(Collected data entries)
=== Begin Enclosure ===

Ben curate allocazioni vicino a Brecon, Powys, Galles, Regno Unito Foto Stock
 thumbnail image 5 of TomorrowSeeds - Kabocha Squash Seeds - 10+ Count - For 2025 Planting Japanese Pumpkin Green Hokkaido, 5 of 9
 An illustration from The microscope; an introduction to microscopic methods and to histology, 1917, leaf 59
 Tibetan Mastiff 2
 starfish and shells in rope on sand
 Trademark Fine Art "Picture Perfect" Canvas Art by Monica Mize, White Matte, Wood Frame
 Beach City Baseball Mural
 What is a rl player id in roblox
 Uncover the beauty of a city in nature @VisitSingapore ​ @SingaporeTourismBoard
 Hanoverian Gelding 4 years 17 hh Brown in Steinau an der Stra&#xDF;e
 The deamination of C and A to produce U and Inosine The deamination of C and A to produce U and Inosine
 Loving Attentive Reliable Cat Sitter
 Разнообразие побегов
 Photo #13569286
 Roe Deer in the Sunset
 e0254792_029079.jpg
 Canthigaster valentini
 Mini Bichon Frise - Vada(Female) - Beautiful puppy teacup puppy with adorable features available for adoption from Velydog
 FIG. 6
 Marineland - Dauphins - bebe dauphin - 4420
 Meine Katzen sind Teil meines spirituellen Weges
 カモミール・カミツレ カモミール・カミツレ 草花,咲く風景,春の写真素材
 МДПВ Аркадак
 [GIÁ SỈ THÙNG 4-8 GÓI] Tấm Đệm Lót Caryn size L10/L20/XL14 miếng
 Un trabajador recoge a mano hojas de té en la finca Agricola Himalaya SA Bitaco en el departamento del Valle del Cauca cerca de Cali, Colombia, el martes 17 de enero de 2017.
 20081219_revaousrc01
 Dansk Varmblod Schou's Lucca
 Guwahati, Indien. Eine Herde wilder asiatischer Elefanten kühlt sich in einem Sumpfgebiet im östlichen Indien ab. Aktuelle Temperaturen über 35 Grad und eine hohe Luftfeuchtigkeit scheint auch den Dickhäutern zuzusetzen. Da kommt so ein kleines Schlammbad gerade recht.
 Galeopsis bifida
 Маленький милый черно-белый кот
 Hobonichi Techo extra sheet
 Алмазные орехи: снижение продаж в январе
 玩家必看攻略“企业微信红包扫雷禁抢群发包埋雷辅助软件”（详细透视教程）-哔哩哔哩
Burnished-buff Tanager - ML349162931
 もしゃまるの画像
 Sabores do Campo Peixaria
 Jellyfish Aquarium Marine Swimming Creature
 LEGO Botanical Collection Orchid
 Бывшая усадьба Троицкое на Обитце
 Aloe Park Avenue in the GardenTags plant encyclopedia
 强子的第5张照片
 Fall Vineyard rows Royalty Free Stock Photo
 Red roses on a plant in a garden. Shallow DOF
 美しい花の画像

=== End Enclosure ===

◆ The task ◆
Please copy exactly, and only, the lines from the line containing "What is a rl player id in roblox" through the last line of the records, with both ends included.

◆ Expected answer ◆
 What is a rl player id in roblox
 Uncover the beauty of a city in nature @VisitSingapore ​ @SingaporeTourismBoard
 Hanoverian Gelding 4 years 17 hh Brown in Steinau an der Stra&#xDF;e
 The deamination of C and A to produce U and Inosine The deamination of C and A to produce U and Inosine
 Loving Attentive Reliable Cat Sitter
 Разнообразие побегов
 Photo #13569286
 Roe Deer in the Sunset
 e0254792_029079.jpg
 Canthigaster valentini
 Mini Bichon Frise - Vada(Female) - Beautiful puppy teacup puppy with adorable features available for adoption from Velydog
 FIG. 6
 Marineland - Dauphins - bebe dauphin - 4420
 Meine Katzen sind Teil meines spirituellen Weges
 カモミール・カミツレ カモミール・カミツレ 草花,咲く風景,春の写真素材
 МДПВ Аркадак
 [GIÁ SỈ THÙNG 4-8 GÓI] Tấm Đệm Lót Caryn size L10/L20/XL14 miếng
 Un trabajador recoge a mano hojas de té en la finca Agricola Himalaya SA Bitaco en el departamento del Valle del Cauca cerca de Cali, Colombia, el martes 17 de enero de 2017.
 20081219_revaousrc01
 Dansk Varmblod Schou's Lucca
 Guwahati, Indien. Eine Herde wilder asiatischer Elefanten kühlt sich in einem Sumpfgebiet im östlichen Indien ab. Aktuelle Temperaturen über 35 Grad und eine hohe Luftfeuchtigkeit scheint auch den Dickhäutern zuzusetzen. Da kommt so ein kleines Schlammbad gerade recht.
 Galeopsis bifida
 Маленький милый черно-белый кот
 Hobonichi Techo extra sheet
 Алмазные орехи: снижение продаж в январе
 玩家必看攻略“企业微信红包扫雷禁抢群发包埋雷辅助软件”（详细透视教程）-哔哩哔哩
Burnished-buff Tanager - ML349162931
 もしゃまるの画像
 Sabores do Campo Peixaria
 Jellyfish Aquarium Marine Swimming Creature
 LEGO Botanical Collection Orchid
 Бывшая усадьба Троицкое на Обитце
 Aloe Park Avenue in the GardenTags plant encyclopedia
 强子的第5张照片
 Fall Vineyard rows Royalty Free Stock Photo
 Red roses on a plant in a garden. Shallow DOF
 美しい花の画像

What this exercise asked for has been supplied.